DAILY SABAH WITH REUTERS
Turkey cannot handle a fresh migrant wave from Syria, President Recep Tayyip Erdoğan said Sunday.
He added that European nations will feel the impact of the influx if violence in Syria’s Idlib region continued.
Speaking at an awards ceremony in Istanbul, Erdoğan said more than 80,000 people were currently on the move from Idlib toward Turkey due to Russian and regime bombardments in the region.
If the flow increased, “Turkey will not carry this migration burden alone”, he added.
“The negative effects of this pressure on us will be an issue felt by all European countries, especially Greece,” he warned.
He said Europe would inevitably see conditions like the 2015 migrant crisis unless it helped stop violence in the region.
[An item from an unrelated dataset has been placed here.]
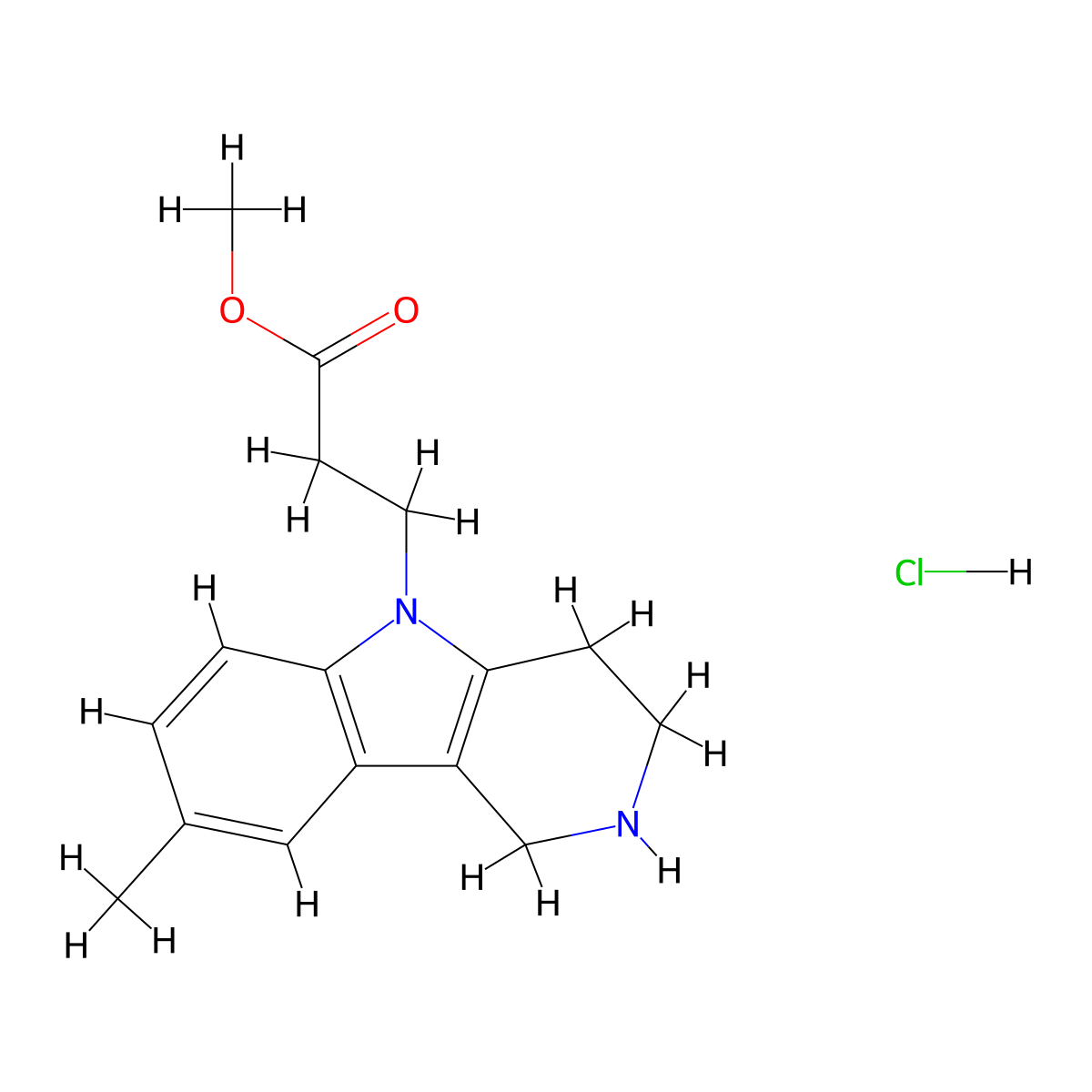 Methyl 3-(8-methyl-1,2,3,4-tetrahydro-5H-pyrido[4,3-b]indol-5-yl)propanoate hydrochloride molecular structure, CAS 2108599-85-3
Erdoğan added Turkey was doing everything possible with Russia to stop bombardments in Idlib. He said a Turkish delegation will travel to Moscow on Monday to hold talks on Syria and Turkey will determine its steps after the talks.
Syrian regime attacks on civilians and residential areas within Idlib’s de-escalation zone is causing a new humanitarian catastrophe, forcing civilians to flee their homes toward safer areas near the Turkish border.
Some 12,000 civilians are headed toward the Turkish border after forces loyal to the Russia-backed Bashar Assad regime intensified attacks on the de-escalation zone in northwestern Syria’s Idlib.
The Syrian Civil War, which broke out in 2011, has killed hundreds of thousands of people and forced more than 5 million people to flee the country, while more than 7 million are internally displaced.
Refugees mainly took shelter in Turkey, Jordan and Lebanon, with Turkey hosting the largest number of refugees. Some have sought to reach Europe via the Aegean and Mediterranean seas, but hundreds died en route to Greece and other coastal countries.
According to Interior Ministry figures, the number of refugees was 4.2 million in 2017 and has now reached 4.9 million. While 3.6 million Syrians are living in Turkey, more than 415,000 Syrian children have been born in Turkey since the start of the civil war in 2011.